Jacob would like to know, "What fraction of the pandas are sat on boxes? "What fraction of the pandas are wearing hats? "What fraction of the pandas sat on boxes are wearing hats? "And what fraction of the pandas wearing hats "are sat on boxes?" So again, think very carefully about the whole in each fraction, what is the denominator? And think very carefully about the parts that we are talking about.
Think about what the numerator is going to be.
So pause the video and have a go at "Task B".
And welcome back.
How did you get on? Did you complete part one? Did you get onto part two? Did you complete part two? Well done if you did.
Let's take a look at the answers.
Here are the answers for part one of "Task B".
"So what fraction of Jacob's cakes were left?" He'd made seven cakes altogether and he had two left.
So 2/7 of his cakes were left.
"What fraction of Jacob's cakes were sold?" Well, he'd made seven cakes and he sold five of them.
So 5/7 of his cakes were sold.
"What fraction of Sofia's cakes were sold?" Well, Sofia made five cakes and sold four of them.
So she sold 4/5 of her cakes.
And then finally, "What fraction of the cakes were sold altogether?" Well, between them they'd made 12 cakes, so the denominator would be 12, and nine of them were sold.
So 9/12 of the cakes were sold.
So well done if you got those as the answers for part one of "Task B".
And let's look at the answers for part two of "Task B".
"So what fraction of the pandas are sat on boxes?" Well, there are 15 pandas altogether and nine of them are sat on boxes? So 9/15 are sat on boxes.
"What fraction of the pandas are wearing hats?" Well, there are 15 pans altogether, 11 of them are wearing hats.

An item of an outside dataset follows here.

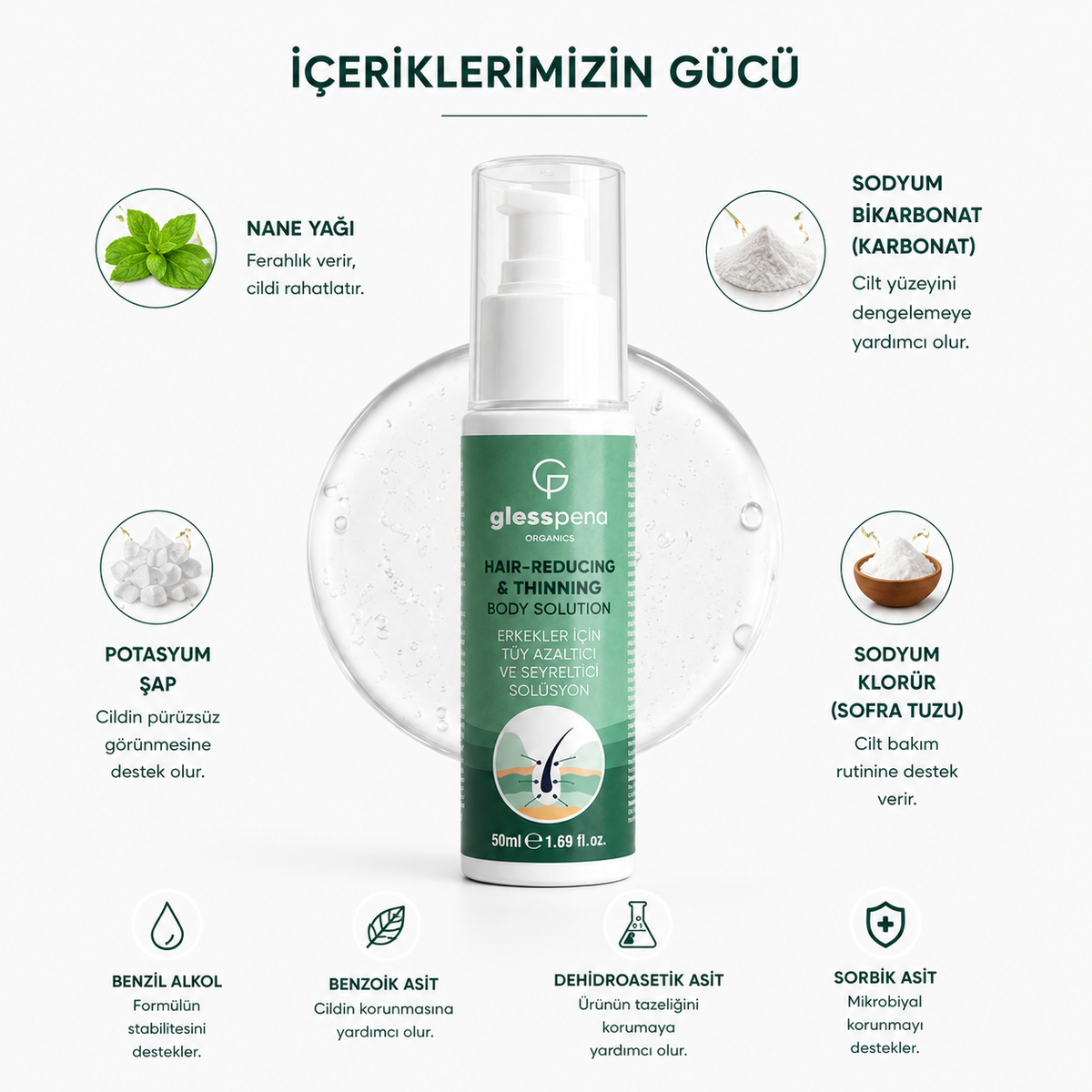Tüy Azaltıcı Solüsyon Erkek (50 ml)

So 11/15 of the pandas are wearing hats.
Gets a little bit more tricky now 'cause you've got to think very carefully about what the whole is going to be, what the denominator is going to be.
"What fraction of the pandas sat on boxes "are wearing hats?" Well, we know there are nine pandas sat on boxes.
So what fraction of those nine pandas are wearing hats? 5/9.
Five of the pandas sat on boxes are wearing hats.
So nine pandas are sat on boxes.
The whole has been divided into nine equal parts.
Five of the pandas are wearing hats.
And then finally, question d, "What fraction of the pandas wearing hats are sat on boxes?" Well, how many pandas are wearing hats? There are 11.
11 of them are wearing hats.
"So 11 pandas are wearing hats.
"The whole has been divided into 11 equal parts," each panda represents one equal part.
"Five of those pandas are sat on boxes." So five of the pandas wearing hats are sat on boxes.
Very well done if you managed to complete part two.
So you have some tricky questions there with a bit of reasoning going on.
And hopefully you're feeling a bit more confident about solving problems using fractions.
Very well done in today's lesson.
Excellent work.
And let's move on to the lesson summary.
"So a whole is divided into parts.
"The denominator is the bottom number in a fraction.
"It is the total number of parts "a whole has been divided into.
"The numerator is the top number in a fraction.
"It is the number of parts that have been selected.
And finally, "Fractions can be represented "in different ways.".